Serrao was born in Filadelfia, Calabria. He studied at the Naples Conservatory (then called the Real Collegio di Musica). He studied composition and counterpoint under Carlo Conti, piano with Francesco Lanza (a student of Clementi) and received instruction in harmony from Gennaro Parisi. His most significant teacher and mentor was Saverio Mercadante where their relationship lasted nearly 30 years and became almost filial.

As professor of composition at the San Pietro a Maiella Conservatorio at Naples, over many years, he taught many famous Italian musicians, notably Giuseppe Martucci, Umberto Giordano, Leopoldo Mugnone, Michele Esposito, Francesco Cilea, Franco Alfano, Luigi Denza and Alessandro Longo.

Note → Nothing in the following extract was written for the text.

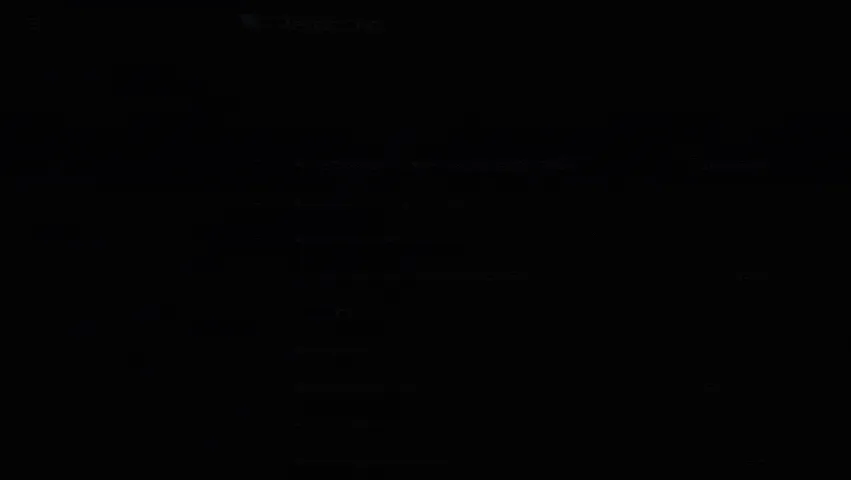 Фильтрация Задач по параметрам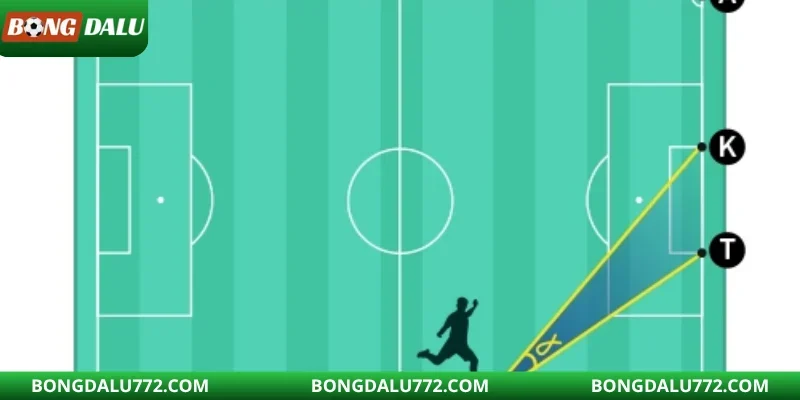 Sơ đồ minh họa các thể thức thi đấu khác nhau trong bóng đá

He wrote five operas, of which Pergolesi was the most successful. His other compositions include both concert and sacred music. He died in Naples, aged 76.

==Selected works==
- Opera
- L'impostore, Opera semiseria (1850)
- Leonora dei Bardi, Opera seria (1853)
- Pergolesi, Melodramma semiserio in 3 acts (1857); libretto by Federico Quercia
- La Duchessa di Guisa, Melodramma in 4 acts (1865); libretto by Francesco Maria Piave
- Il Figliuol Prodigo, Opera in 4 acts (1868); libretto by Achille de Lauzières

- Orchestral
- Sinfonia

- Chamber music
- Andante e Fuga for string quartet
- Elegia for violin (or cello) and piano
- Minuetto for harp or piano

- Choral
- Requiem for mixed chorus and orchestra
- Gli Ortonesi in Sciò, Oratorio

== Sources ==
- Arthur Eaglefield Hull, A Dictionary of Modern Music and Musicians (Dent, London 1924).